Gupta, A. - Presenter, Rochester Institute of Technology
Rishi, A., Rochester Institute of Technology
Phase change heat transfer is crucial to various engineering applications. Some prominent examples include distillation reboiler, nuclear reactor, high-powered electronic systems, and refrigeration. Boiling is a heat transfer process accompanied by phase change from liquid to vapor, subsequently, pool boiling involves the boiling of a stagnant liquid over a heated surface. This talk aims to examine the physical mechanisms of boiling heat transfer that are of prime importance to quantify the efficacy of the process. For various manifestations, the pool boiling performance of a surface is dictated by higher critical heat fluxes (CHF) and heat transfer coefficients.
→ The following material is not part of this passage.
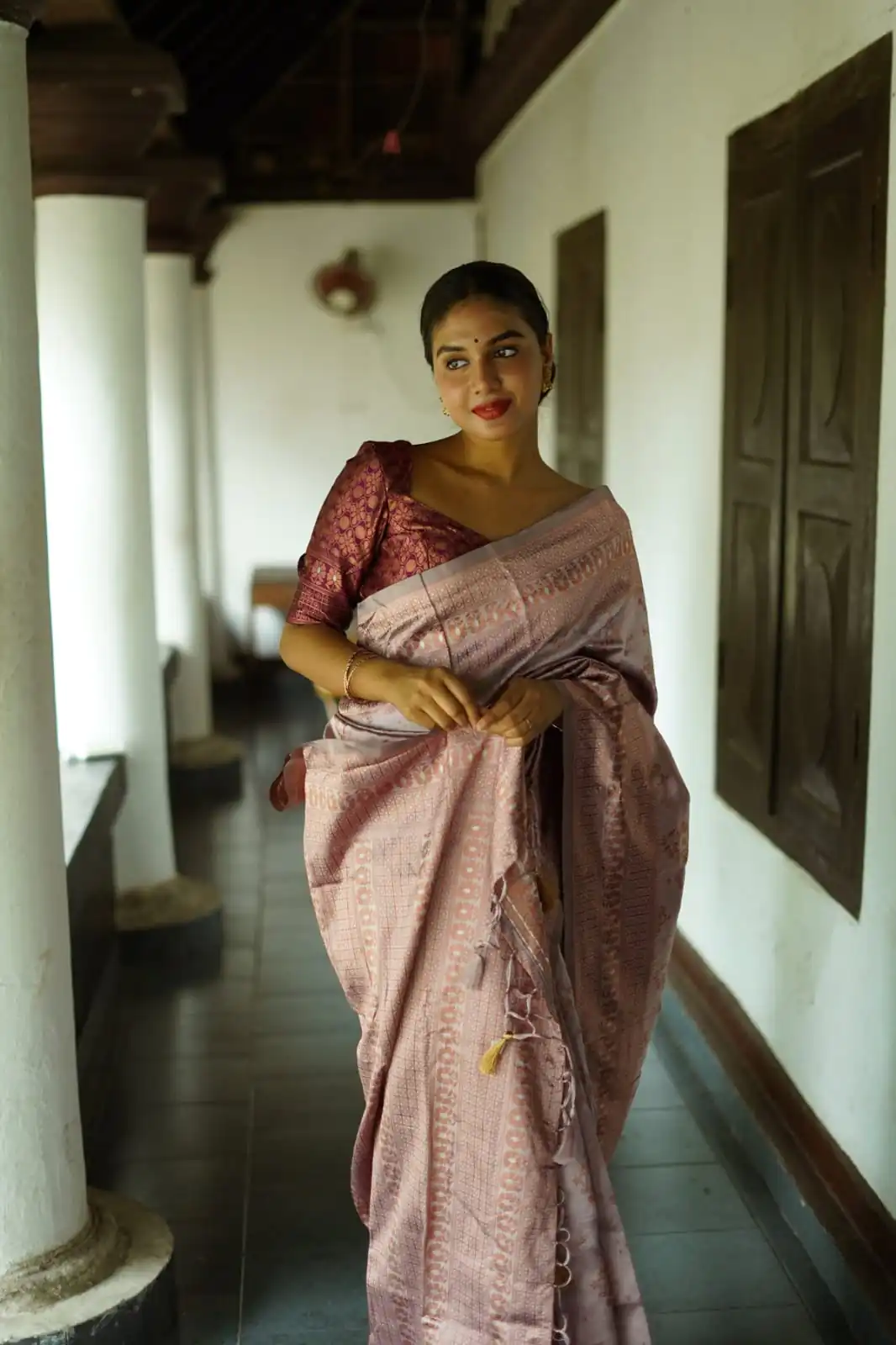 DDF 126 Cream Color Soft Lichi Silk Ordinary Design Rich Pallu Saree Casual, Party Wear, Events, Festivals Etc. Expected Delivery 4-6 Working Days 1549 | Sarees, Bollywood Sarees, Creative Sarees, Designer Sarees, Embroidered Sarees, Ethnic Saree, Modern Digital sarees, Party Wear Sarees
This talk will examine various strategies to create multiscale surface-active engineered surfaces with tunable properties essentially roughness, porosity, hydrophilicity, wickability and wicking rates and their influence on the heat transfer properties. These surfaces were developed as benchmark studies, to produce a new class of hierarchical porous coatings to improve critical heat fluxes and heat transfer coefficients while facilitating morphology-induced mechanisms such as: wettability, contact angle hysteresis, roughness, and capillary wicking. In addition, the aging characteristics such as surface chemistry and morphology variablity resulting from repetitive chaotic boiling tests will also be discussed. High thermal conductivity along with improved hydrophilicity and wickability of the copper/carbon nanomaterial composites are attributed for the enhanced CHF. High-speed images revealed reduced bubble departure diameters and micro-size pores on the electrodeposited surface serving as nucleation sites. The increase in the bubble frequency and delayed formation of vapor blanket resulted in enhanced heat transfer properties.